Ao tomar tal rumo, em seu voto o relator estabeleceu que o conceito de insumos dede ver compreendido a partir de uma relação “direta e imediata entre esses e o bem em produção ou serviço em prestação”, pois no seu entender os comandos normativos existentes demandam que o bem ou serviço seja aplicado “diretamente no processo produtivo”, razão pela qual não haveria que se aplicar o conceito de insumos aos bens ou serviços relativos às etapas pré ou pós produção.
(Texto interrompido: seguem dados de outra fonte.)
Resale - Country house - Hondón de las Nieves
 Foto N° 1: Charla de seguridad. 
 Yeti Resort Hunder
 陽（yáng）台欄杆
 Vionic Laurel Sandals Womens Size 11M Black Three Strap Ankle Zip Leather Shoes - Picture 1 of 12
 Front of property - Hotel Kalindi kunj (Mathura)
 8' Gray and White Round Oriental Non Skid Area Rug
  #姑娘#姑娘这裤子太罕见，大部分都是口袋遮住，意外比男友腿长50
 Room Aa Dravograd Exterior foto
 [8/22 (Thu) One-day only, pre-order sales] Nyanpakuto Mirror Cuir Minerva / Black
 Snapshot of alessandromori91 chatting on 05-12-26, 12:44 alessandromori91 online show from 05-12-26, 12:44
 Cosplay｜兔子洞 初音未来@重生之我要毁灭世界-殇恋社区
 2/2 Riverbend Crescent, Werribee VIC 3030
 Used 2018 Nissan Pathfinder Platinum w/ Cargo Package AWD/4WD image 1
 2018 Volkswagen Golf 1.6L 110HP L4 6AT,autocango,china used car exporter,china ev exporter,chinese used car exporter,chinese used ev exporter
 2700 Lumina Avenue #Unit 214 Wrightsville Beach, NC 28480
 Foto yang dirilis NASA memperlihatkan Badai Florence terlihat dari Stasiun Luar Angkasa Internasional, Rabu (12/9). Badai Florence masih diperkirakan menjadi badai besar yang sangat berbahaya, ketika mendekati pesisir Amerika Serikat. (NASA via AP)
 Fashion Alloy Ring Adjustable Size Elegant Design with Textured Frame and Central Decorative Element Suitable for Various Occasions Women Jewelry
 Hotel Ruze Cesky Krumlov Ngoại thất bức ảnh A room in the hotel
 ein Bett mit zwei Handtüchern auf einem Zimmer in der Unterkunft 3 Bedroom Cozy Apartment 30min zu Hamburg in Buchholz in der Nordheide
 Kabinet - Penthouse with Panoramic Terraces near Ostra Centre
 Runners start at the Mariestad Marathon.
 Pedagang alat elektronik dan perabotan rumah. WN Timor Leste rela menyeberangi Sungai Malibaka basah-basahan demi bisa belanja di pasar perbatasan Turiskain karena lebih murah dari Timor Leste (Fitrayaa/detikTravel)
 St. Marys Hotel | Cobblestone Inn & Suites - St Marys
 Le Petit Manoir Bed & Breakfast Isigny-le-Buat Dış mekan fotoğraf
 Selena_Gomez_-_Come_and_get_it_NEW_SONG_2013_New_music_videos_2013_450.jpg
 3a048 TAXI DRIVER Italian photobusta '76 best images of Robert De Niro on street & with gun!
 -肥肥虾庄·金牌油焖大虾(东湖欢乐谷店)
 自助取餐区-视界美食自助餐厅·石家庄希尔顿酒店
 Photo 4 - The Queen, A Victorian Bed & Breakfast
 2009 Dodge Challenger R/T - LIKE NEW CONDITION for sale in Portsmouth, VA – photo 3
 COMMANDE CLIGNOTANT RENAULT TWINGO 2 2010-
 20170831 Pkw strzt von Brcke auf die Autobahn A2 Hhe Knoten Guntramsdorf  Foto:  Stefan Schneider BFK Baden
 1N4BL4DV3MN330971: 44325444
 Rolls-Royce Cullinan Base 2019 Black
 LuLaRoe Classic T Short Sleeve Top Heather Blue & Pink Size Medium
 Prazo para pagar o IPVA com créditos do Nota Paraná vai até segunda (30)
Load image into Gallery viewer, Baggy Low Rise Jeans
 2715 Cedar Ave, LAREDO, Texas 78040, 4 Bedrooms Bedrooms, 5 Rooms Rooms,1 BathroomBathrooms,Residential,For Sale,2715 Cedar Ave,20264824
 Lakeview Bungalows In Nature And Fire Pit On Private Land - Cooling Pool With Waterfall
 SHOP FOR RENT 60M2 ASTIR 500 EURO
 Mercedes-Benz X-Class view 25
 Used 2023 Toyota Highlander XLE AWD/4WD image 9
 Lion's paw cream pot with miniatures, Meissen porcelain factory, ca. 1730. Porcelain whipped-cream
Ao estabelecer tal critério para definição do conceito de insumos, foram analisadas uma a uma as despesas cuja dedução de créditos de PIS e COFINS foi questionada. Considerando o critério estabelecido (bens ou serviços aplicados diretamente no processo de produção, com a exclusão de atividades pré ou pós-produção), as situações fáticas envolvidas e, ainda, o objeto social da Contribuinte litigante, a corrente vencedora fixou as seguintes conclusões:
i. a industrialização realizada por terceiros durante o processo de produção de produtos lácteos se enquadra no conceito de insumos, pois trata-se de atividade realizada durante a produção;
ii. as embalagens de transporte não se caracterizam como insumos, na medida em que as despesas com tais bens são incorridas após a conclusão do processo produtivo;
iii. os fretes incorridos na aquisição de insumos geram despesas passíveis de dedução de créditos, pois relacionado diretamente à atividade de produção, inclusive os fretes na movimentação de insumos entre estabelecimentos;
iv. a aquisição de pallets não gera o direito à dedução de créditos de PIS e COFINS, pois trata-se de bens utilizados em etapa pós-produção. De igual maneira, as despesas com reparação de pallets também não ensejariam a dedução de créditos;
v. as despesas com serviços de operadores logísticos também não gerariam direito a créditos de PIS e COFINS, pois seriam atividades incorridas em etapas pré ou pós atividades de produção (separação de caixas de produtos, descarregamento de caminhões, etc.);
vi. despesas com análise laboratoriais seriam passíveis de crédito de PIS e COFINS, pois incorridas durante o processo produtivo e necessárias para avaliar a conservação e qualidade dos produtos alimentícios produzidos; e, por fim
vii. as despesas com tintas para carimbo autorizariam a dedução de créditos de PIS e COFINS, pois restou configurado que os carimbos são apostos nas embalagens dos produtos do contribuinte durante a parte final do processo de produção.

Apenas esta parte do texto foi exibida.